Griechenland: Auch noch ein Schnitt bringt keine Heilung

Griechenland steckt in einer Schuldenfalle. Die einzige Chance, dieser Schuldenfalle nachhaltig zu entkommen, wäre eine konsequente Spar- und Strukturreformpolitik. Die neue griechische Regierung setzt aber auf einen Schuldenschnitt und höhere Ausgaben vor allem für konsumtive Zwecke.

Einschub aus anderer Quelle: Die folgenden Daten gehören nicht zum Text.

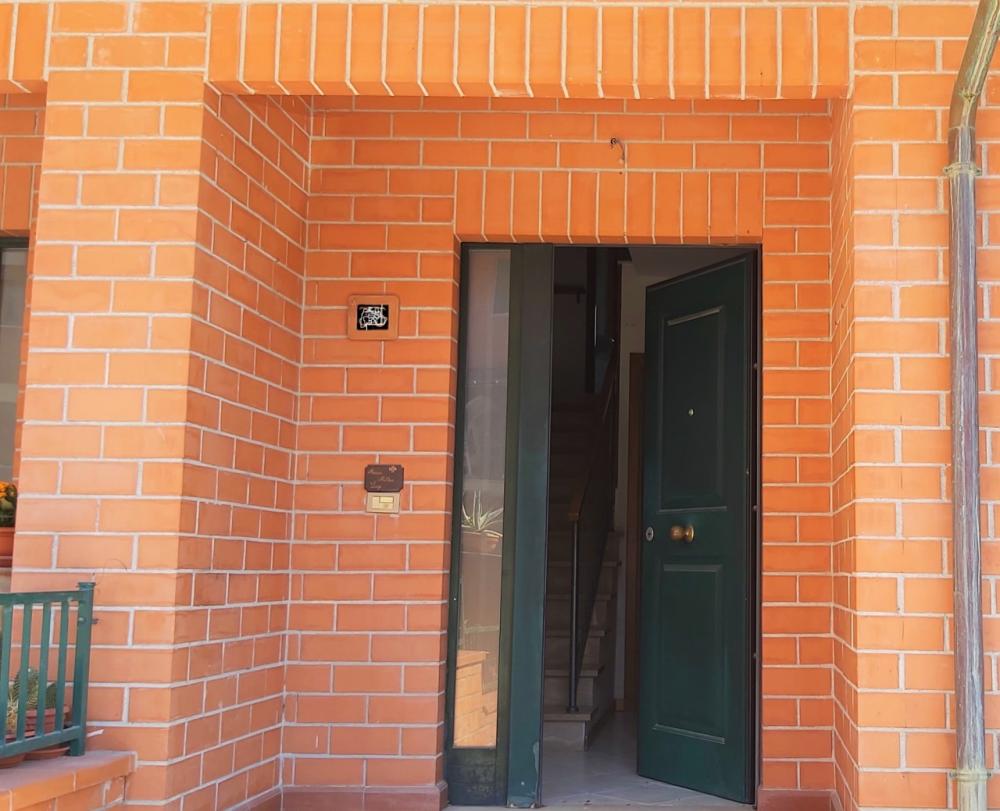 casa indipendente in vendita a Sinalunga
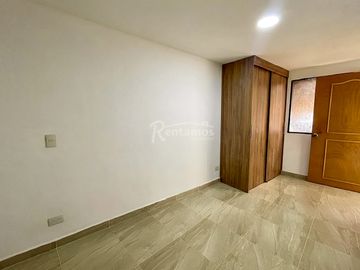 apartamento en arriendo en loma de los parra. Cod A777331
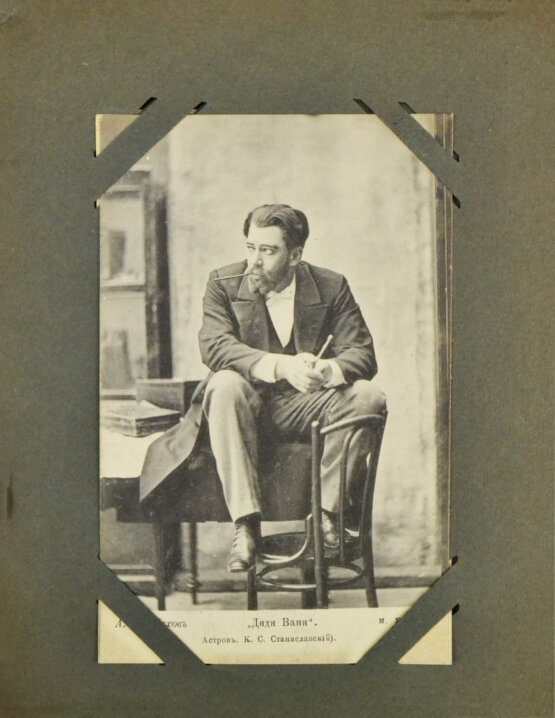 Антикварная книга Альбом фотооткрыток со сценами и персонажами из спектакля по пьесе Чехова «Дядя Ваня» в МХТ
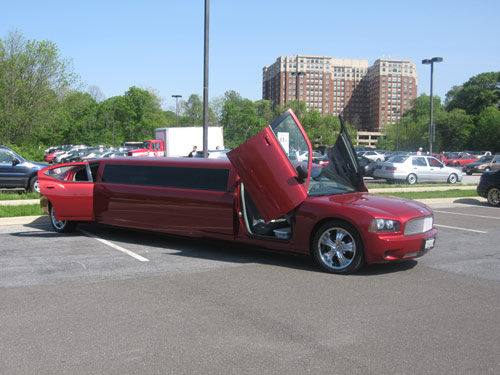 Limousine Dodge Charger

Die Verhandlungen zwischen den Kreditgebern und Griechenland dürften zäh und langwierig werden. Während Griechenlands Forderungen nach Bonds mit einer endlosen Laufzeit kaum Aussicht auf Erfolg haben, könnten die Kreditgeber allenfalls bei der Laufzeit und der Zinsbelastung zu Zugeständnissen bereit sein. Auch Griechenlands Wunsch nach einer Senkung des Primärüberschussziels stößt auf Widerstand. Vor allem bei der Kernfrage, ob mehr Austerität die Schuldentragfähigkeit Griechenlands verbessert oder die Lage sogar weiter verschlechtert, vollzieht sich ein Riss zwischen den Parteien, aber auch im Lager der Kreditgeber.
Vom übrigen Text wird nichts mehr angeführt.